Plenty has been written about the pay gap between men and women in recent months.
Indeed, as most of our readers know, the issue recently made news again when President Obama directed the Department of Labor to issue new rules requiring federal contractors to provide compensation data that includes a breakdown by race and gender.
In light of its ability to get much of anything through Congress these days, the Obama administration has lately been doing whatever it can through executive orders. But as a study released by Glassdoor earlier today suggests, it’s hardly the only interested party with a role to play.
Indeed, when Glassdoor recently surveyed 1,000 employees and job seekers, it found nearly six out of every 10 employees (57 percent) believe employers are in the best position to address pay gaps. This was followed by Congress (30 percent) and President Obama (14 percent).

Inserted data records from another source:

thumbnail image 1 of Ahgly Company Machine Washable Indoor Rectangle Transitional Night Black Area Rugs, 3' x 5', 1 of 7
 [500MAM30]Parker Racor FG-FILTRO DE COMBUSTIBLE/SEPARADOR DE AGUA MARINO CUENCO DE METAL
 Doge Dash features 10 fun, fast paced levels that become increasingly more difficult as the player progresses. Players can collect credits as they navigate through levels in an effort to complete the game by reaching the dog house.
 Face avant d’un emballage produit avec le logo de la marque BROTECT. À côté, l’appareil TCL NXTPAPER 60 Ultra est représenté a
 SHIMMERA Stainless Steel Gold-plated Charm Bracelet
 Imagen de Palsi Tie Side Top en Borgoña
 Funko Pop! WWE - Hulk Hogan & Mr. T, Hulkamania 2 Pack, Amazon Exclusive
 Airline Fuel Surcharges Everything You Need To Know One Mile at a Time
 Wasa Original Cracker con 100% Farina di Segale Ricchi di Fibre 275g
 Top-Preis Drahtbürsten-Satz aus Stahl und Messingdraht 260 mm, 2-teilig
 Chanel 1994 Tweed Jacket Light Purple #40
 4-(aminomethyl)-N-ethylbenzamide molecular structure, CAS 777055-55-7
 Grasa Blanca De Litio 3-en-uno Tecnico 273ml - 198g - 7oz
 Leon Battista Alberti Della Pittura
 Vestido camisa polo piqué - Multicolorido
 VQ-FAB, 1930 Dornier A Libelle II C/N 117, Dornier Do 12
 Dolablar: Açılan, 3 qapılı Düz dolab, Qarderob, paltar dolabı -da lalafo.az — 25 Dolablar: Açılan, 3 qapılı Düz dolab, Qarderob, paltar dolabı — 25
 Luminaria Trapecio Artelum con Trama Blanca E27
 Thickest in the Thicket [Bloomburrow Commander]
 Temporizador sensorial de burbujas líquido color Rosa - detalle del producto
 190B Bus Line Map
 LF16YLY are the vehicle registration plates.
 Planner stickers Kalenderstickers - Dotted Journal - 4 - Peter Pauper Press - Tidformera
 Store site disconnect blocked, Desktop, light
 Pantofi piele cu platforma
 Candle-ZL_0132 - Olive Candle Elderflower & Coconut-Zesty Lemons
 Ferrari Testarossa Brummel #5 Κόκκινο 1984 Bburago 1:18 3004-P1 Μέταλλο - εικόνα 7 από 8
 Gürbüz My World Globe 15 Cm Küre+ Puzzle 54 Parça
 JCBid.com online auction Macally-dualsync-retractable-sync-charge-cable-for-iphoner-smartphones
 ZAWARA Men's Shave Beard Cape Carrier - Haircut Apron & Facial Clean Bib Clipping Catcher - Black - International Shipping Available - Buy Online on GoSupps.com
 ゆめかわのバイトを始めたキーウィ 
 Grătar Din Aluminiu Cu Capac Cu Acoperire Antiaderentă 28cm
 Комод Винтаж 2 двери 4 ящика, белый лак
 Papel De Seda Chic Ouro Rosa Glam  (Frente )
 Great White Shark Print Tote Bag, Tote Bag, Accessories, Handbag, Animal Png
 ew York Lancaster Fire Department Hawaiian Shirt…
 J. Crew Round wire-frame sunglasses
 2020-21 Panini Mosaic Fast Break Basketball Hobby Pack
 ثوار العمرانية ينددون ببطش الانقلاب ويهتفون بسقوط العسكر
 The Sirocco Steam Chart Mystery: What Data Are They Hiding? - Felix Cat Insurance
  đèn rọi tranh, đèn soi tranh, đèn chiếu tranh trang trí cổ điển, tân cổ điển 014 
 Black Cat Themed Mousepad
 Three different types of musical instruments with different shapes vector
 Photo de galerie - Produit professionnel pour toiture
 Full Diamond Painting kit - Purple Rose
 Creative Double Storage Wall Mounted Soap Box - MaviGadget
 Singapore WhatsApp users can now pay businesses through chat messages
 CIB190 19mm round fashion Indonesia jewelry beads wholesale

Asked to specify how employers could make a difference, the respondents said:
- New company policies around pay and comp (52 percent)
- Clearer communication from senior leaders/HR about how raises are determined (45 percent)
- Greater pay transparency (38 percent)
- Government legislation (21 percent)
- Employees threatening to leave and/or protests (17 percent)
- New senior leaders (16 percent)
In many cases, the employees and job seekers indicated they’re looking to HR for clarification, with a fairly healthy portion of the respondents (43 percent) saying they believe the function is responsible for helping them understand how pay raises or cost-of-living increases are determined at their current employer
Glassdoor’s career and workplace expert, Rusty Rueff, sees the findings as a wake-up call for employers …
Now is the time employers need to take a close look at their salary structure[s] and determine where pay gaps exist, then fix [them] so employees know exactly where they stand in terms of compensation within their organization. When employees have a clearer understanding of how they’re being compensated without secrecy around salaries, not only can they feel empowered in their current jobs, they’re also often motivated to work toward the next level, which can improve productivity.”
Tied to that notion is the additional stat that more than one in three (36 percent) of the respondents do not believe they understand the process their employer uses to determine pay raises or cost-of-living increases.
As for how men versus women view their pay, more than 42 percent of women do not believe they received fair pay in their current jobs, compared to 34 percent of men. These numbers seem fairly consistent with other studies that have come before.
Glassdoor also asked respondents to check off workplace perks that would keep them satisfied, in those instances when employers might not be in a position to provide pay raises or cost-of-living increases. Here’s what it found they wanted:
- 61 percent – more paid vacation days
- 52 percent – more career opportunities
- 50 percent – flexible work hours
- 46 percent – option to work from home/remotely
- 44 percent – company stock/shares
- 34 percent – healthcare subsidy
- 23 percent – gym membership
- 21 percent – opportunities to work on new projects
I’m sure many of you won’t be too surprised to see what some of the top choices were. I would imagine there are some similarities to what you’re seeing and hearing on your engagement and satisfaction surveys, assuming you’re regularly doing them. But that said, I figure it never hurts to see what the broader universe of employees and job seekers are saying matter most to them these days.